Giornate FAI all’aperto: Gerace e Canolo protagonisti nella Locride

Giornate FAI all’aperto: Gerace e Canolo protagonisti nella Locride

Sono riprese, dopo un lungo periodo di assenza e in un caldo fine settimana di giugno, le giornate FAI. Un’edizione speciale, quella attuata sabato e domenica scorsi, curata in una veste inedita e nel rispetto delle norme di sicurezza dettate dall’emergenza nazionale. Due giornate dipinte di verde, si potrebbe dire, alla riscoperta di parchi e giardini storici, riserve e orti botanici, alberi secolari e piante bizzarre, sparsi per l’Italia e dettati dal piacere di abbandonarsi a lunghe passeggiate, lasciandosi stregare dalla purezza ancestrale della natura italiana.

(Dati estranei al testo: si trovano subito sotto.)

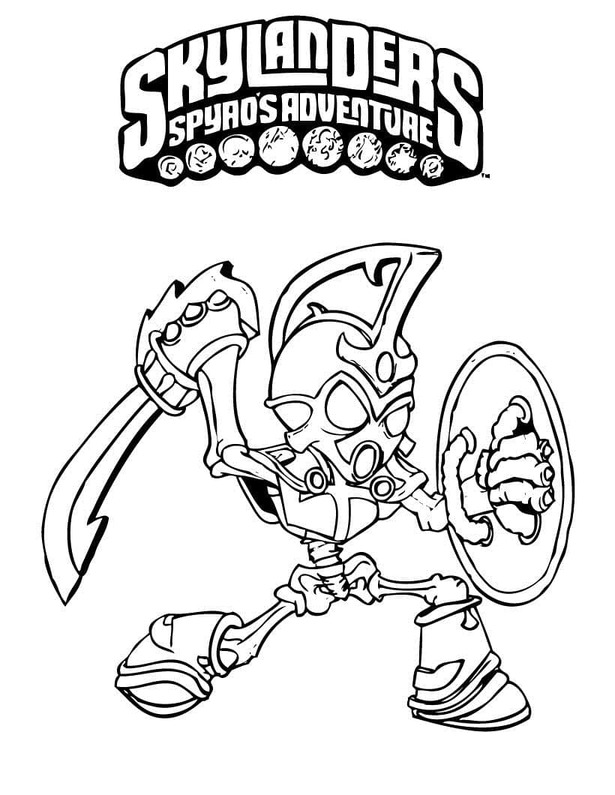 Bojanke Skylanders lako ispisivo
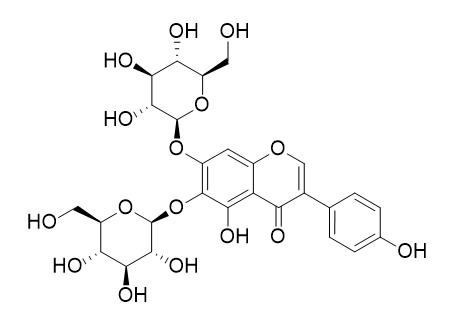 5,6,7,4'-tetrahydroxyisoflavone-6,7-di-O-beta-D-glucopyranoside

Anche la Calabria è stata protagonista dell’evento e, grazie all’infaticabile lavoro dei volontari delle diverse delegazioni sparse per la regione, ha potuto vantare dell’apertura al pubblico di diversi itinerari, dislocati tra Cosenza, Catanzaro, Vibo Valentia e nel Reggino. In particolare, è da menzionare l’itinerario Un percorso di fede e di speranza, fortemente voluto dalla Delegazione della Locride e della Piana con a capo Titty Curinga, volto a riscoprire la storia del Monumento ai Cinque Martiri di Gerace, simbolo della fucilazione dei giovani rivoluzionari, avvenuta il 2 ottobre 1847.

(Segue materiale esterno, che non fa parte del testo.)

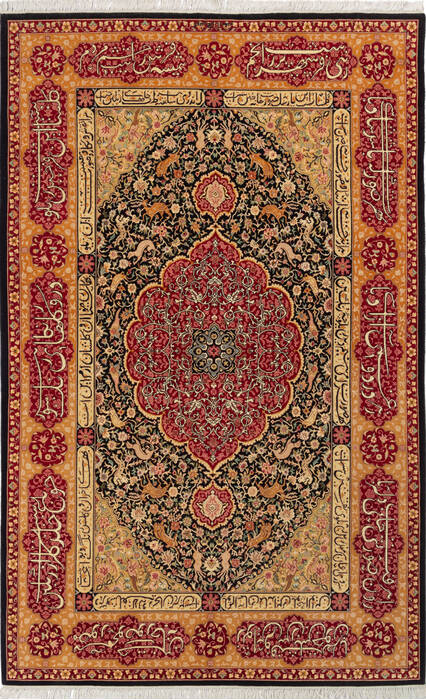 Pak-Persian Black Hand Knotted 47 X 73 Area Rug 700-136369 Image 0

Il percorso è partito dal Santuario della Madonna di Prestarona a Canolo, che deve il suo nome dal greco: prestarona, difatti, con il significato di colomba, è un termine che inneggia alla Madonna della pace.

Successivamente, i visitatori sono stati condotti presso la seicentesca Fontana della Piana per poi concludere l’itinerario presso il Monumento di cui sopra. Le visite hanno avuto inizio domenica alle ore 17 e l’evento, gestito secondo le regole anti-Covid, è avvenuto su prenotazione.

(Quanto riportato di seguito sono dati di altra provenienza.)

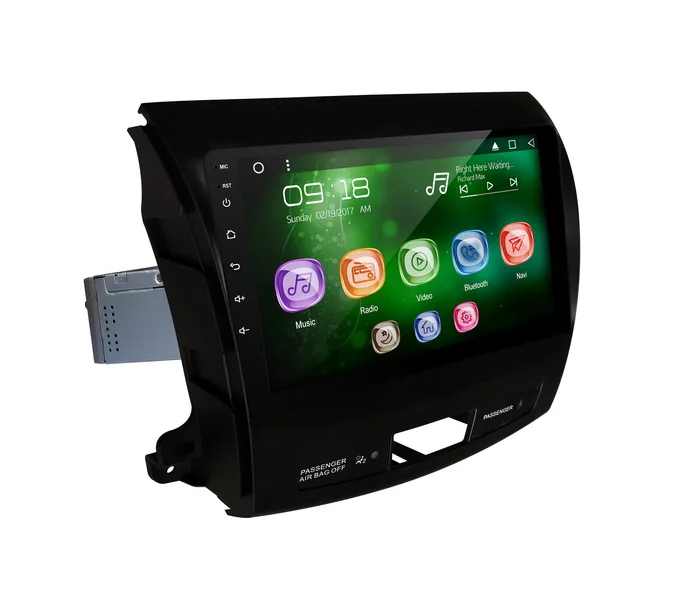 Автомобильный мультимедийный плеер allway 9 &quotIPS экран Android 0 восемь ядер ОЗУ 2 Гб ПЗУ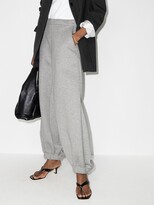 Thumbnail for your product : ATTICO Oversized Cuffed Track Pants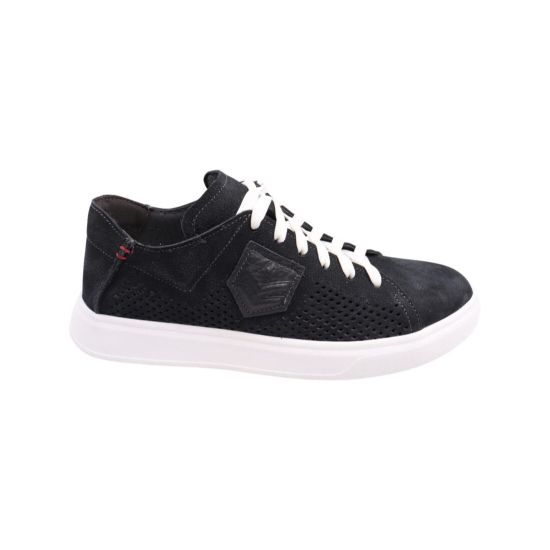Кеди чоловічі Maxus shoes сині нубук 108-22LTCP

Sebbene il numero dei partecipanti sia stato limitato per garantire il pieno rispetto delle norme di sicurezza, è stata registrata un’entusiasta e affettuosa partecipazione da parte di tanti iscritti al FAI, segno del forte desiderio di tornare a scoprire tutto il bello dei beni del territorio.

Il contributo dei Ciceroni, infaticabili protagonisti che si sono spesi volontariamente per la buona riuscita dell’evento, è stato fondamentale, trattandosi di giovani ragazzi che spontaneamente hanno deciso di fare da guida ai visitatori, denotando grande impegno ed entusiasmante capacità di coinvolgere il pubblico presente. Grazie ad una ripartenza sentita, collettiva e nazionale –come ha affermato Anna Lia Paravati, presidente Fai Calabria- gli eventi del Fondo per l’Ambiente Italiano non deludono mai, capaci di restituire agli italiani, dopo un lungo periodo di silenzio e immobilità, natura e primigenia bellezza in una chiave di lettura totalmente originale.